Please print, exactly as written, the line containing "Skinfood Mineral Sugar" and each line after it through the end of the material; pictures stay out.

**THE DATA**:
=====
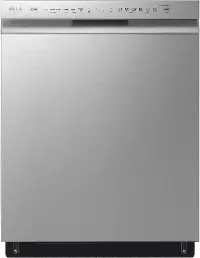 LG Dishwashers Sanitation and Waste Appliances - LDFN4542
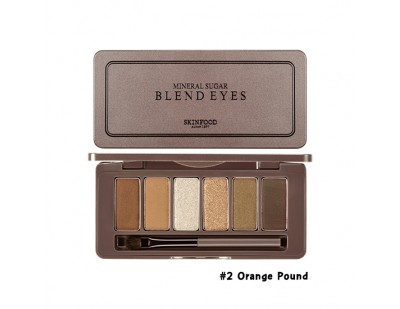 Skinfood Mineral Sugar Blend Eyes #2 Orange Pound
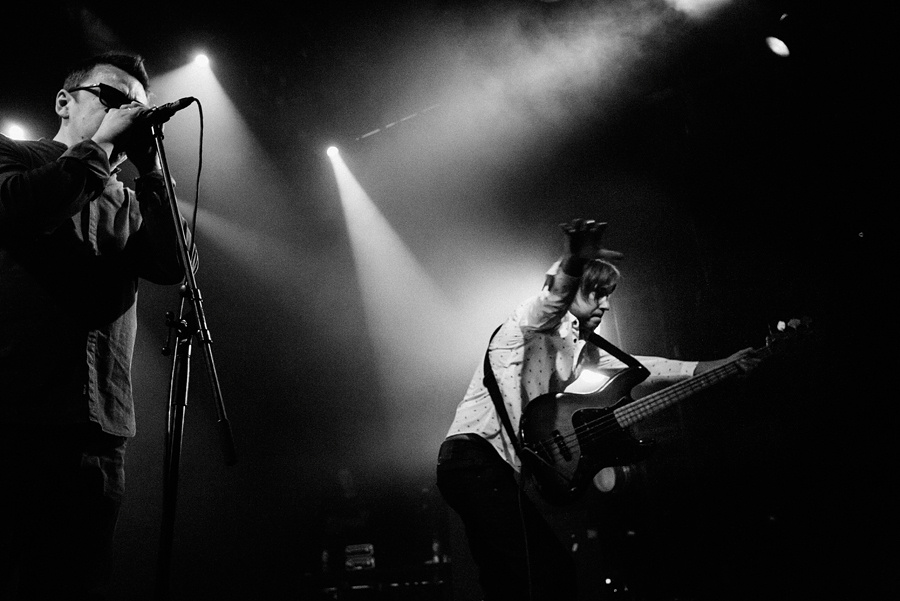 Танцы Минус. Фотограф Михаил Ряховский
=====
**FINAL ANSWER**:
 Skinfood Mineral Sugar Blend Eyes #2 Orange Pound
 Танцы Минус. Фотограф Михаил Ряховский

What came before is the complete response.